> What is needed: Beginning with the line in which "Imagen de DULCE" appears, transcribe each line word for word until the records end. Do not include pictures.

────────────────────

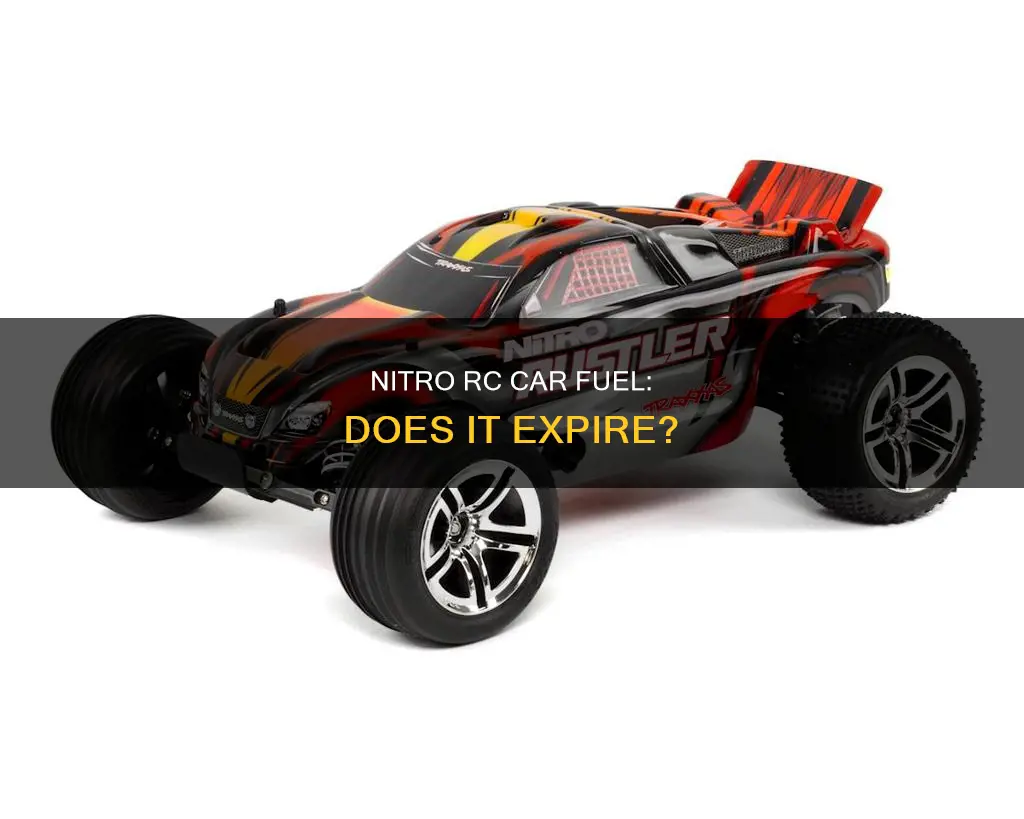 does nitro rc car fuel go bad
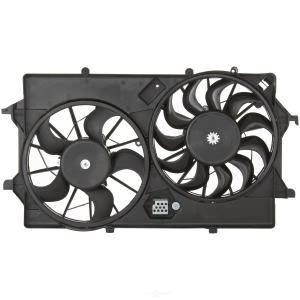 Spectra Premium Engine Cooling Fan for 2005 Ford Focus - CF15031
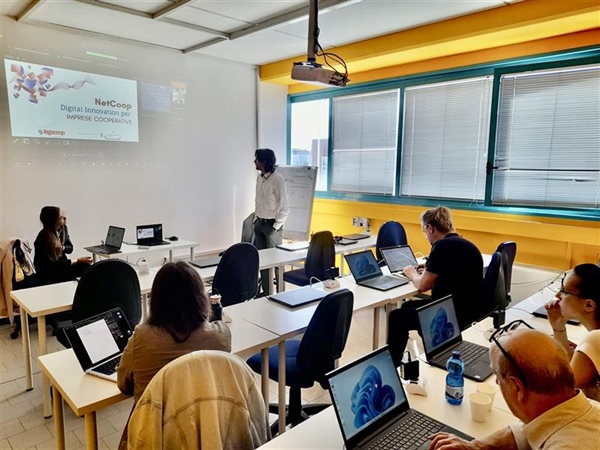 NetCoop, seconda tappa del progetto rivolto alle cooperative cuneesi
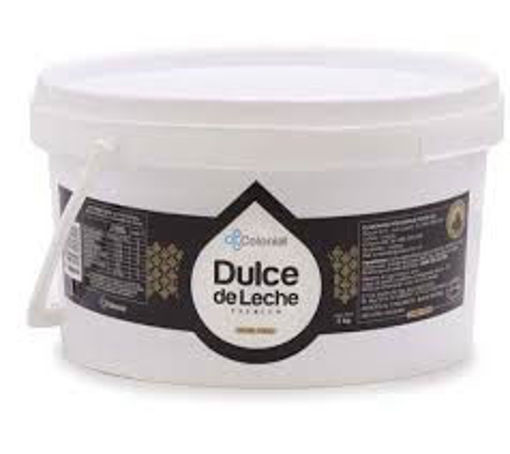 Imagen de DULCE DE LECHE REPOSTERO COLONIAL 3KG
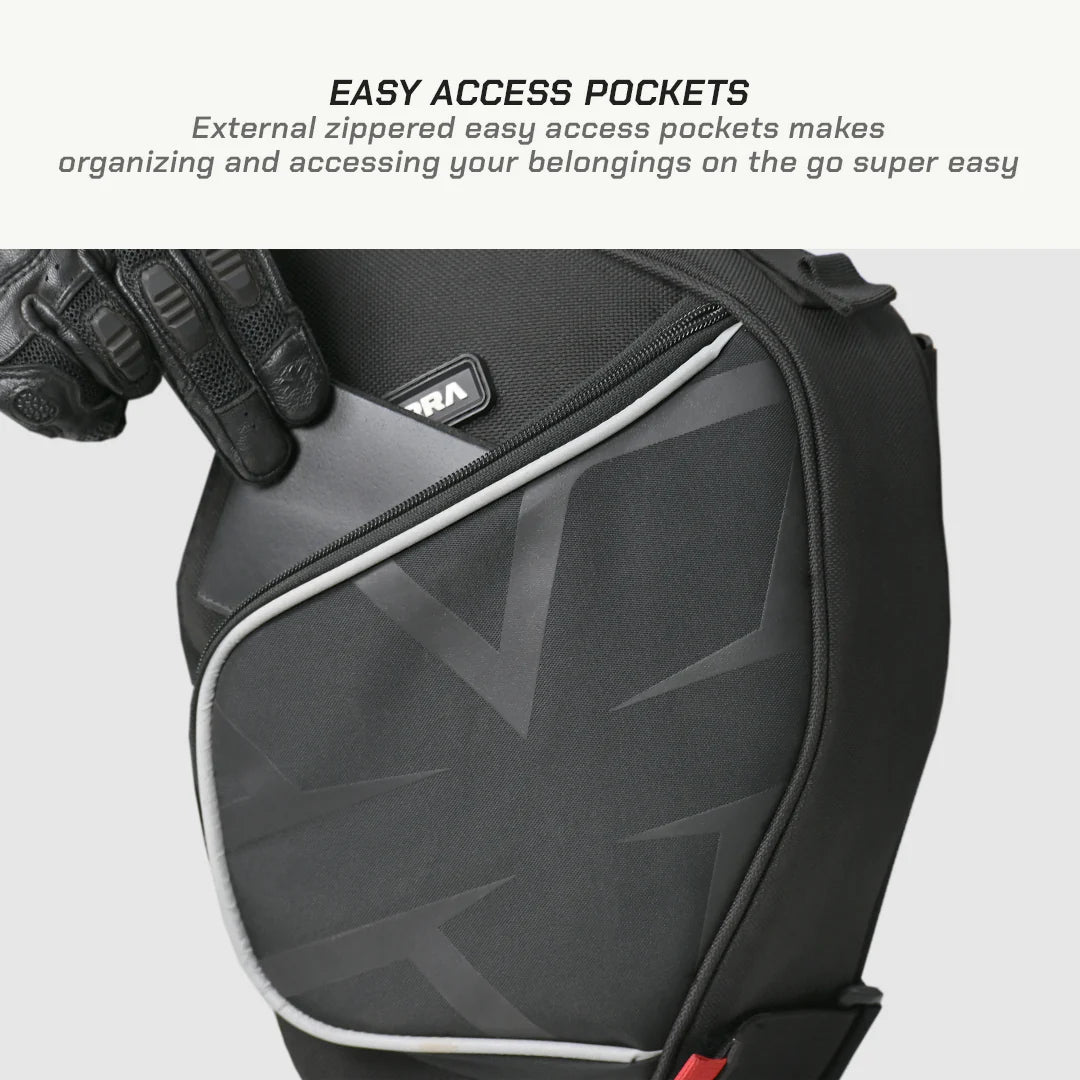 color_common Adventure Ready: RE Himalayan 450 Pack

────────────────────

> Answer for this exercise:
 Imagen de DULCE DE LECHE REPOSTERO COLONIAL 3KG
 color_common Adventure Ready: RE Himalayan 450 Pack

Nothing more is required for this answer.